» Work instructions: The records below must be transcribed exactly, with each picture left out.
● ● ● ●
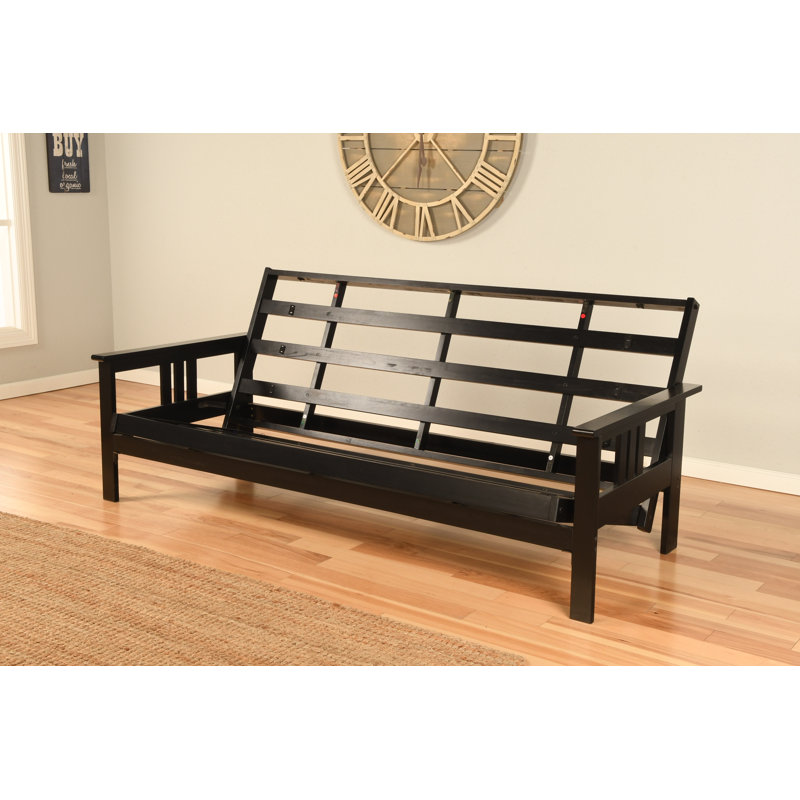 Stratford Full 79" Futon Frame and Mattress with Drawer Set, Espresso, Blue Microsuede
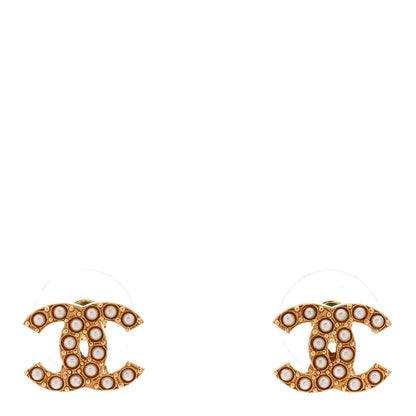 Chanel Pearl Studded CC Earrings Gold 1 of 5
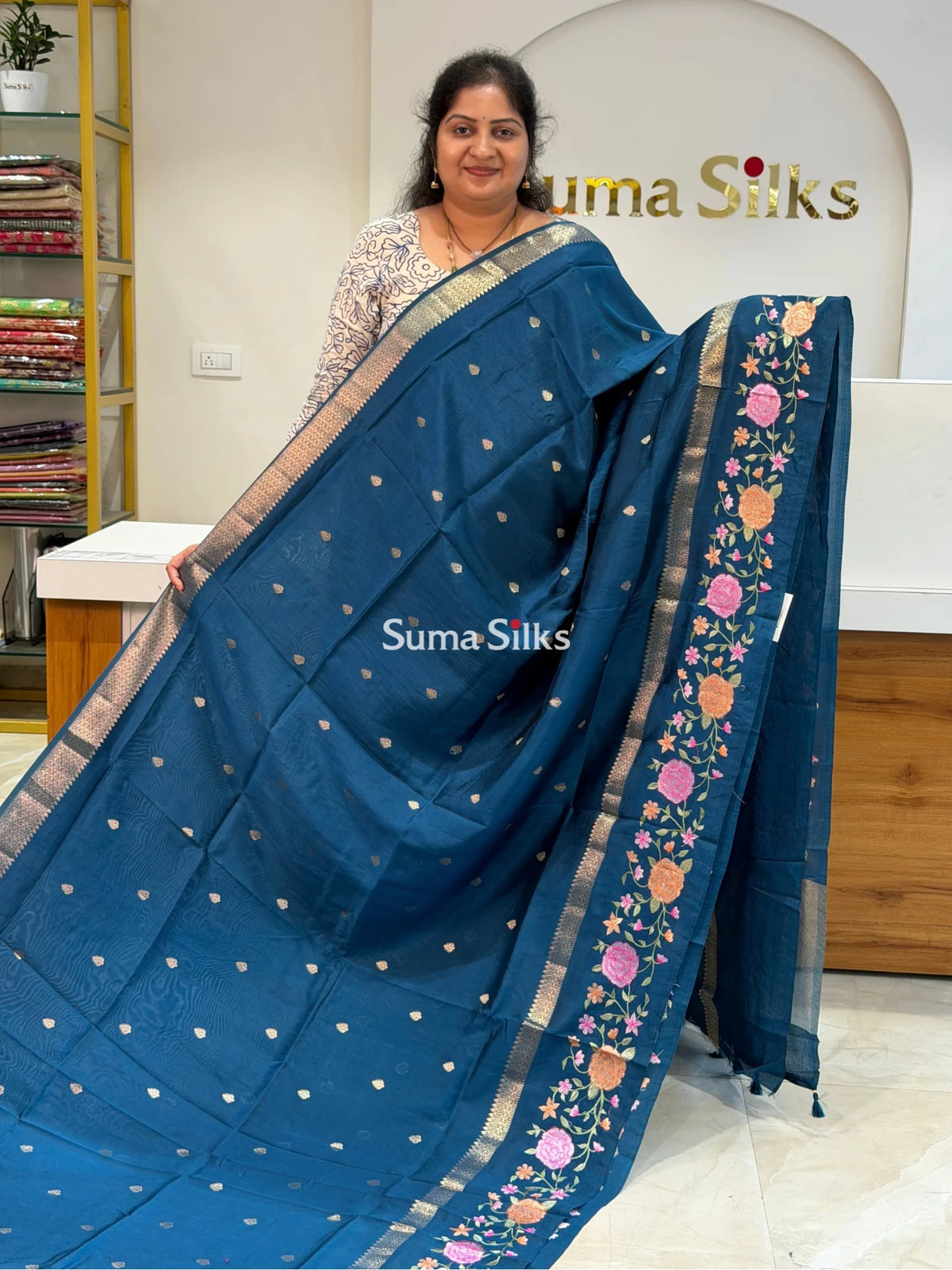 Green Mango Embroidery German Blue Color Saree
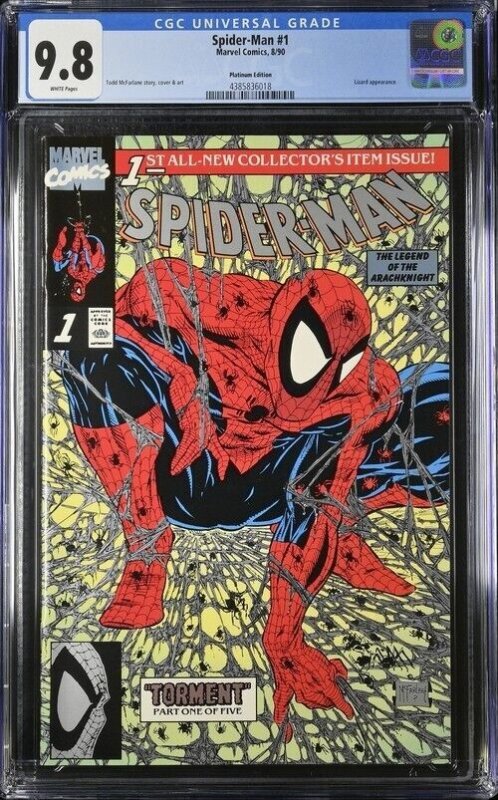 SPIDER-MAN #1 CGC 9.8 PLATINUM EDITION WHITE PAGES 6018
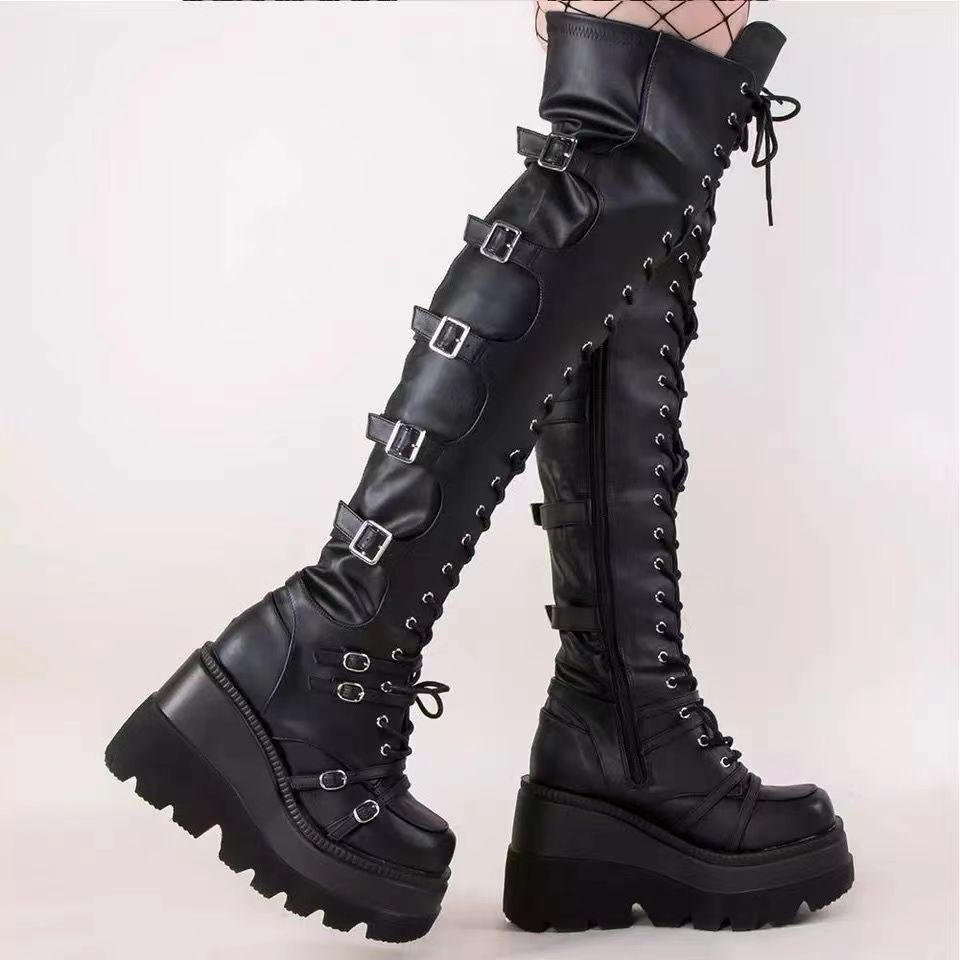Women's Size Over The Knee Soft Wedge Boots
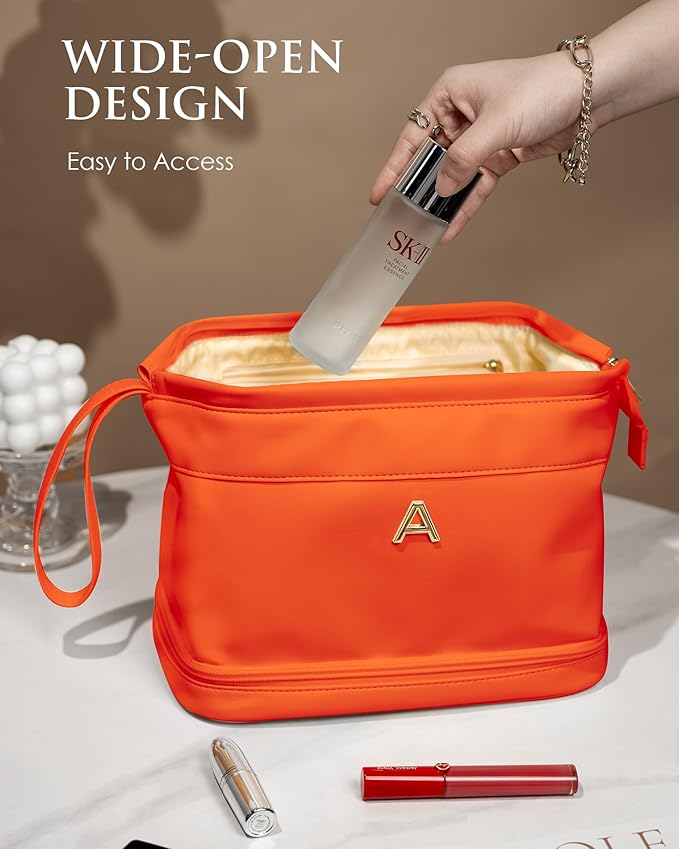 Bridesmaid Gifts for Women, Initial Makeup Bag, Personalized Double Layer Cosmetic Bag with Makeup Brush Organizer, Large Capacity PU Leather Travel Toiletry Bag, Personalized Teacher Gifts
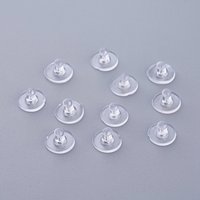 Bouchons d'oreilles en plastique, supports de boucles d'oreilles, transparents, 6x10mm, trou : 0,5mm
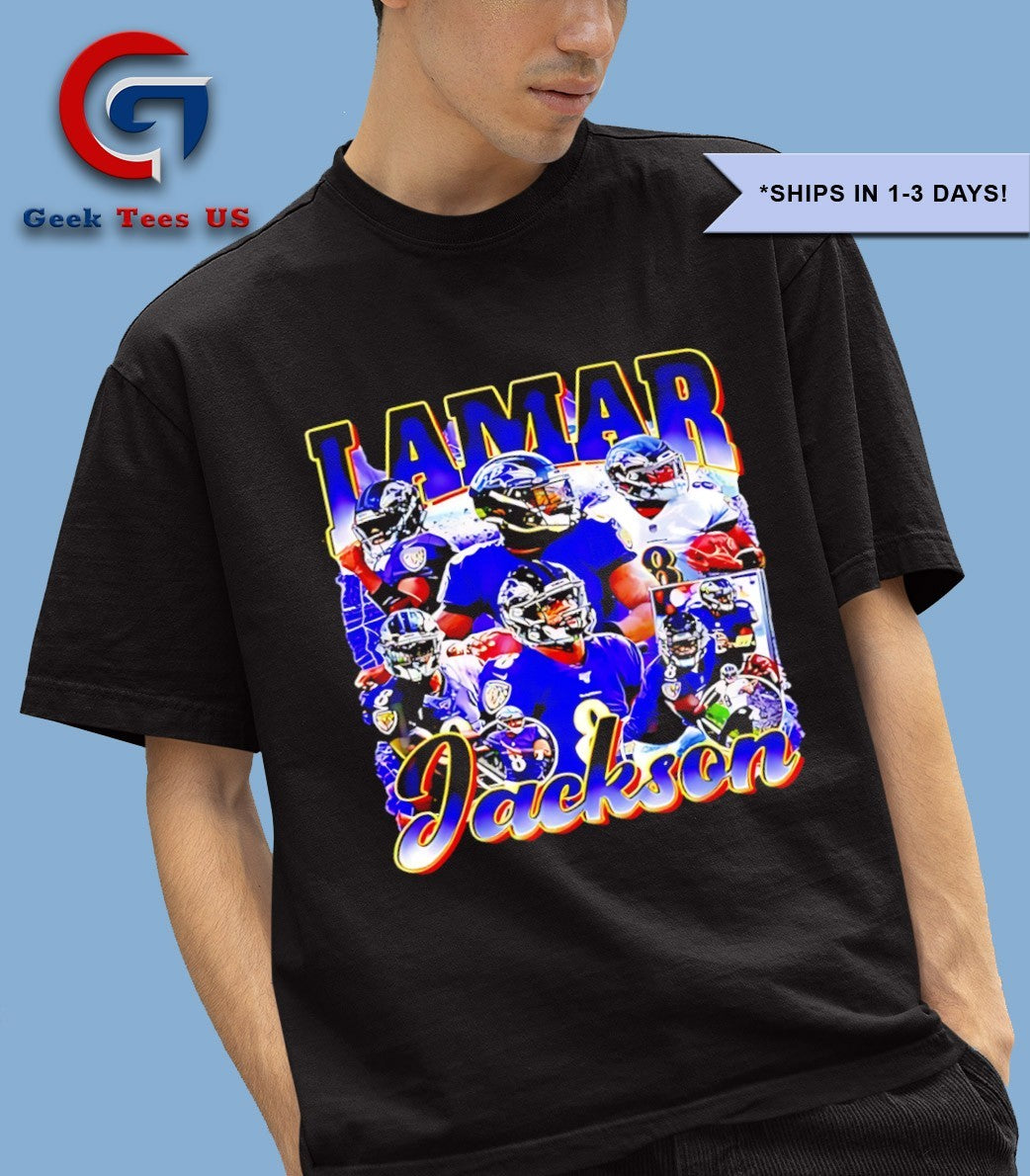 Lamar Jackson Baltimore Ravens football graphic - Adult & Kids T-Shirts, Sweatshirts & Hoodies apparel design preview 1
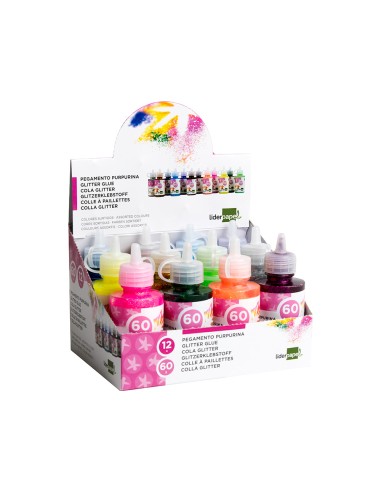 Purpurina pegamento liderpapel fantasia colores...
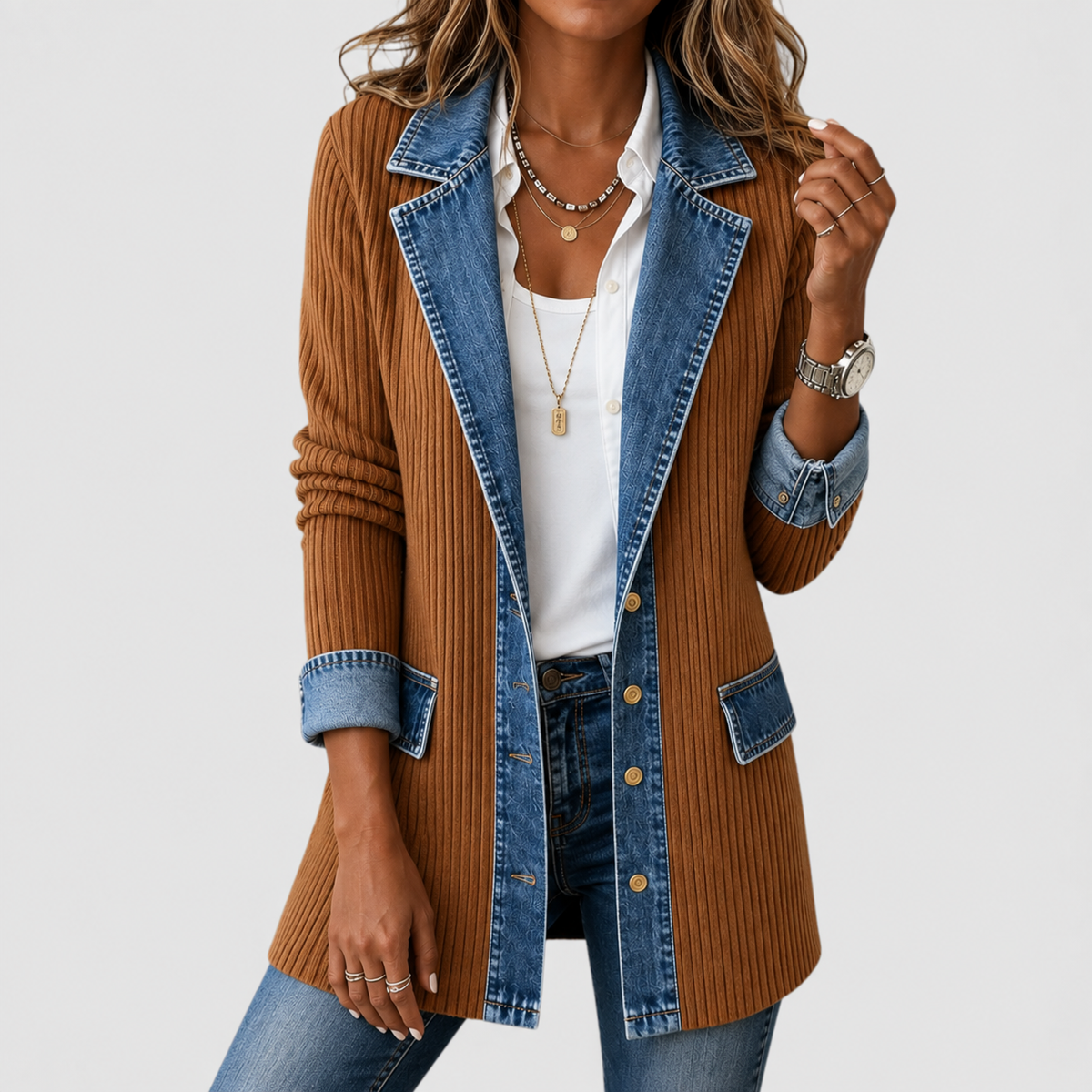 Denim Contrast Ribbed Knit Button Front Cardigan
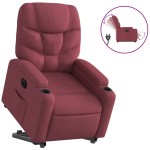vidaXL Fotoliu electric rabatabil cu ridicare, roșu vin, textil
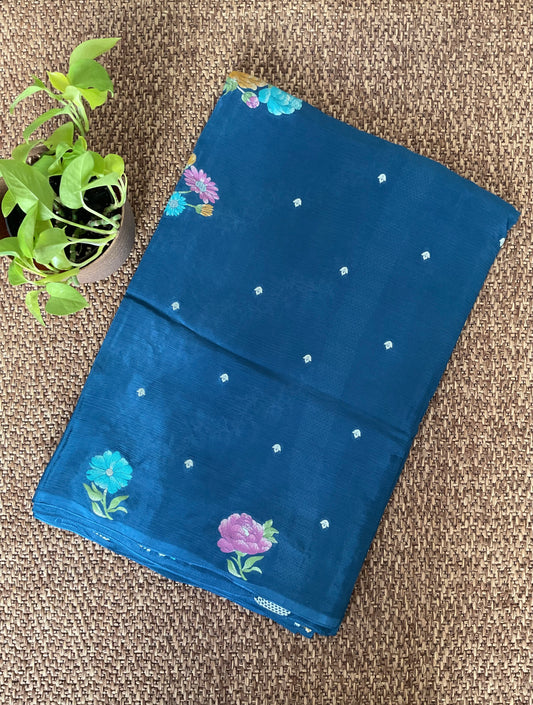 Chinnon crepe blue saree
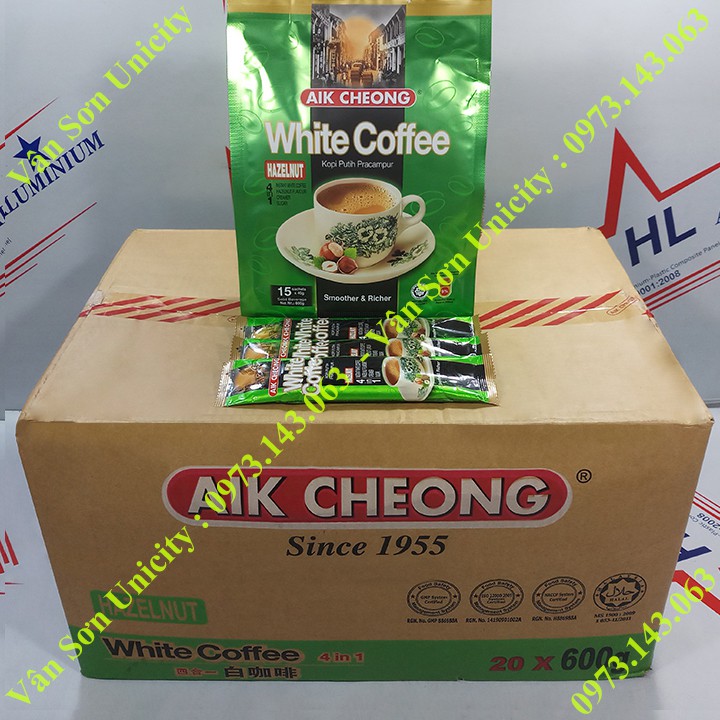 Thùng Cà phê trắng vị Hạt Phỉ (Hazelnut) Aik Cheong 20 bịch 600g (15 gói dài * 40g)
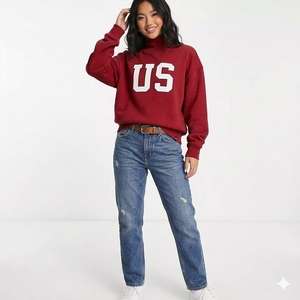 Women Oversized Mock Neck Top Warm Cozy Relaxed Fit Loose <b>Frame</b> Comfortable Daily Wear Fresh Style Clothing - Product Image 1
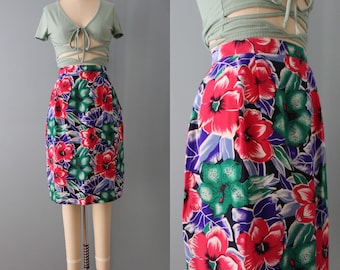 Falda tubo de seda BOTANICAL / falda NWT nueva de stock antiguo de los años 80 / falda tubo cruzada de seda con flores brillantes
● ● ● ●
» Exercise answer:
 Stratford Full 79" Futon Frame and Mattress with Drawer Set, Espresso, Blue Microsuede
 Chanel Pearl Studded CC Earrings Gold 1 of 5
 Green Mango Embroidery German Blue Color Saree
 SPIDER-MAN #1 CGC 9.8 PLATINUM EDITION WHITE PAGES 6018
Women's Size Over The Knee Soft Wedge Boots
 Bridesmaid Gifts for Women, Initial Makeup Bag, Personalized Double Layer Cosmetic Bag with Makeup Brush Organizer, Large Capacity PU Leather Travel Toiletry Bag, Personalized Teacher Gifts
 Bouchons d'oreilles en plastique, supports de boucles d'oreilles, transparents, 6x10mm, trou : 0,5mm
 Lamar Jackson Baltimore Ravens football graphic - Adult & Kids T-Shirts, Sweatshirts & Hoodies apparel design preview 1
 Purpurina pegamento liderpapel fantasia colores...
 Denim Contrast Ribbed Knit Button Front Cardigan
vidaXL Fotoliu electric rabatabil cu ridicare, roșu vin, textil
 Chinnon crepe blue saree
 Thùng Cà phê trắng vị Hạt Phỉ (Hazelnut) Aik Cheong 20 bịch 600g (15 gói dài * 40g)
 Women Oversized Mock Neck Top Warm Cozy Relaxed Fit Loose <b>Frame</b> Comfortable Daily Wear Fresh Style Clothing - Product Image 1
 Falda tubo de seda BOTANICAL / falda NWT nueva de stock antiguo de los años 80 / falda tubo cruzada de seda con flores brillantes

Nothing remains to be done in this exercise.